There are in fact quadrilateral Raviart-Thomas elements, but their definition is different. In two dimensions, the polynomial space for $RT_k$ is given by $$P_{k+1,k} \times P_{k,k+1},$$ where $$P_{k,l} = \left\{\sum_{i=0}^k\sum_{j=0}^l a_{ij} x^iy^j: a_{ij}\in\mathbb{R}\right\}.$$ A typical polynomial for $k=0$ would thus be as you wrote, but for $k=1$ it would be $$\begin{pmatrix} a_1 + b_1 x + c_1 x^2 + d_1 y + e_1 xy + f_2 x^2y\\ a_2 + b_2 y + c_2 y^2 + d_2 x + e_2 xy + f_2 xy^2 \end{pmatrix}.$$ Hence, $\dim RT_1 = 12$, and in general, $\dim RT_k = 2(k+1)(k+2)$. This means you need two additional degrees of freedom, which should be located on the interior of the element. (In general, for $RT_k$ you take $k+1$ normal derivatives on each facet, and the remaining degrees of freedom from the interior.)

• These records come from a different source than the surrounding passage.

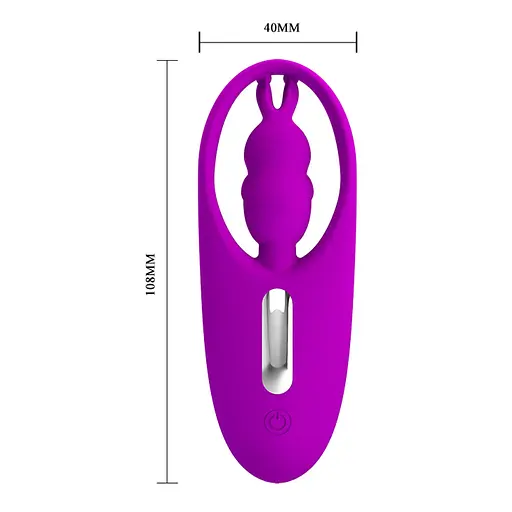 Вібратор для клітора Pretty Love Wild Rabbit 10.8 см фіолетовий - фото 5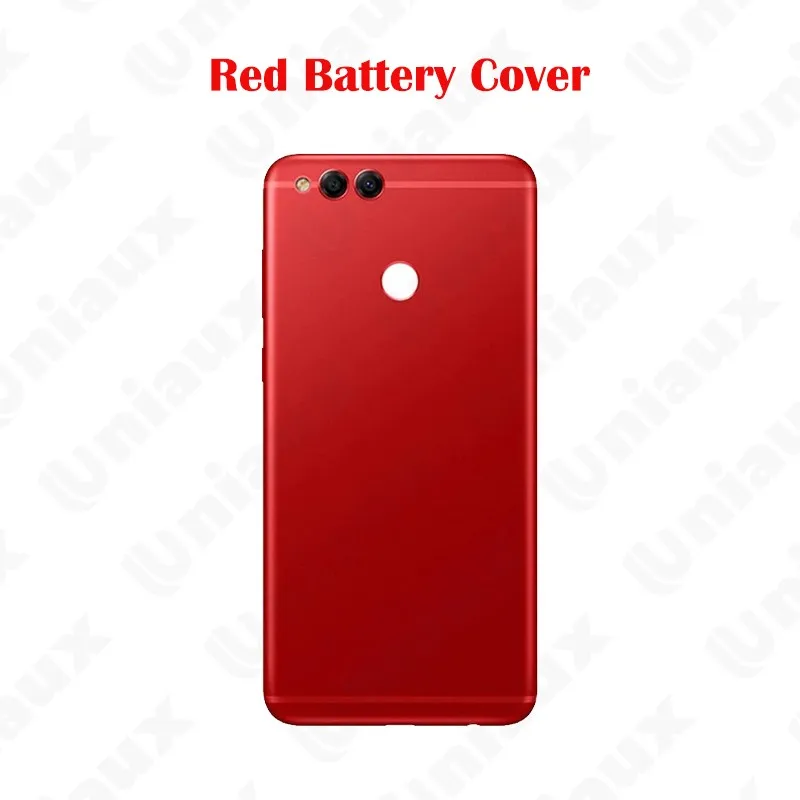 For Huawei Honor 7X Battery Cover Back Housing Rear Door Case+Side Button+Camera Lens BND-TL10 / AL10 / L21 Replacement parts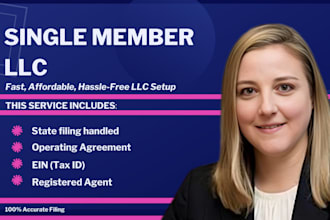 register single member llc in wyoming and get ein and operational agreement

To answer your actual question: For Raviart-Thomas elements, you usually take moments rather than point evaluations, i.e., the remaining conditions come from the conditions $$ \int_{-1}^1 \int_{-1}^1 \phi_i(x,y) q_j(x,y) dx\,dx=\delta_{ij},$$ where the $\{q_j\}$ are a basis of $P_{k-1,k}\times P_{k,k-1}$ (e.g., $\{1,x,y\}$ for $k=1$). To make it easier to get a full nodal basis, the facet degrees of freedom are usually not taken as point evaluation, but also as moment conditions: $$ \int_{e_m} \phi_i(s)^T\nu_{e_m} \, q_{m,j}(s)\,ds,$$ where $e_m$ is one of the four edges, $\nu_{e_m}$ is the corresponding outer normal, and for each $m$, the $q_{m,j}$ form a basis of $P_k(e_m)$ (e.g., $\{1,x\}$ or $\{1,y\}$ for $k=1$ depending on the edge orientation). Together, these degrees of freedom are unisolvent (i.e., the corresponding system of basis functions is always invertible).

You can find a discussion on quadrilateral Raviart-Thomas-Elements in Chapter 2.4.1 of Boffi, Brezzi, Fortin: Mixed Finite Element Methods and Applications, Springer 2013, Arnold, Boffi, Falk: Quadrilateral $H(div)$ finite elements, SINUM 42(5), 2005, pp. 2429-2451, and Chapter 3.2.3 of Ronald Hoppe's lecture notes.


1. As a rule of thumb, a polynomial space of order $k$ on tetrahedral elements contains monomials whose powers sum to $k$, while a space of order $k$ on quadrilateral elements contains monomials whose maximal power is $k$. For example, $x^2y$ would be of order $3$ on tetrahedrals, but only of order $2$ on quadrilaterals.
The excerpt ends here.